4

I have written a device driver kext for a hot-plug SCSI device, based somewhat on Wagerlabs code (using a driver-user client-application model) and everything works. The only remaining concern is that the driver appears not to be consistently freed, especially if the application crashes. For example, when I try to unload the kext, even with the device disconnected and the application closed, there are still outstanding instances of the driver and user client (with the driver generally outnumbering the user client).

I have logging in the driver functions like free(), and when I shut down the computer, I can see these being executed, so the instances can obviously still be terminated. What is the "right" way to ensure the driver instance is terminated and freed, even if the host application crashes, terminates improperly or things generally don't go to plan?

Inductiveload
  • 6,094
  • 4
  • 29
  • 55

1 Answers1

5

If you've got user client class instances when no user client app is running, then you're definitely retaining the user client instances more often than you're releasing them. For example, you might be keeping a retained reference to client instances in the main driver class. In your user client class's stop() method, make sure to remove that client instance from the driver.
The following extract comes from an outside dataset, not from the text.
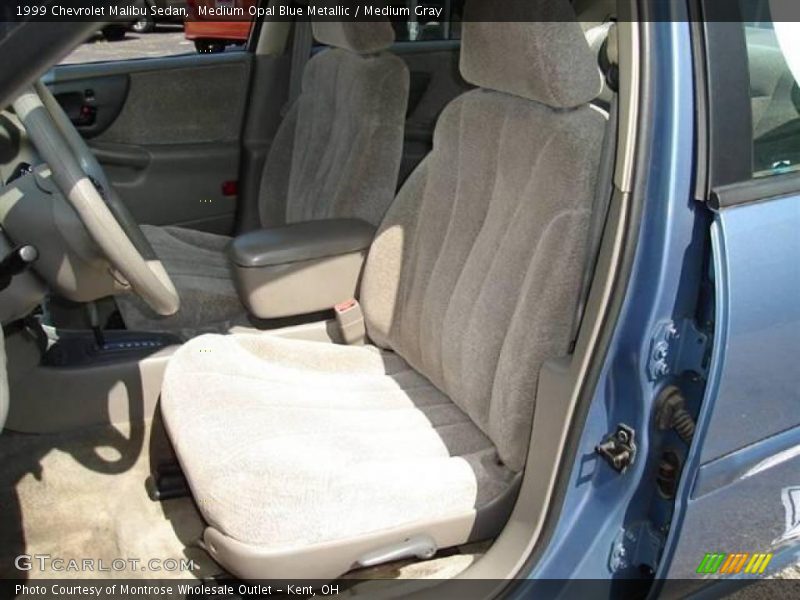 Medium Opal Blue Metallic / Medium Gray 1999 Chevrolet Malibu Sedan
Another thing to watch out for: make sure you call superclass implementations from your overridden versions of the built-in IOService methods such as stop(), free() etc. Not doing so will usually put the IO Kit into an inconsistent state.

Finally, a useful technique for debugging retain leaks in I/O Kit drivers, is to actually log the retains and releases by overriding the methods with logging versions:

void MyClass::taggedRetain(const void* tag) const
{
    OSReportWithBacktrace(
        "MyClass" CLASS_OBJECT_FORMAT_STRING "::taggedRetain(tag=%p)\n", CLASS_OBJECT_FORMAT(this), tag);
    IOService::taggedRetain(tag);
}
void MyClass::taggedRelease(const void * tag) const
{
    OSReportWithBacktrace(
        "MyClass" CLASS_OBJECT_FORMAT_STRING "::taggedRelease(tag=%p)\n", CLASS_OBJECT_FORMAT(this), tag);
    int count = getRetainCount();
    IOService::taggedRelease(tag);
    if (count == 1)
        printf(
            "MyClass::taggedRelease(tag=%p) final done\n", tag);
    else
        printf(
            "MyClass" CLASS_OBJECT_FORMAT_STRING "::taggedRelease(tag=%p) done\n", CLASS_OBJECT_FORMAT(this), tag);
}

The macros in this code are defined in a header as follows:

#define CLASS_OBJECT_FORMAT_STRING "[%s@%p:%dx]"
#define CLASS_OBJECT_FORMAT(obj) myClassName(obj), obj, myRefCount(obj)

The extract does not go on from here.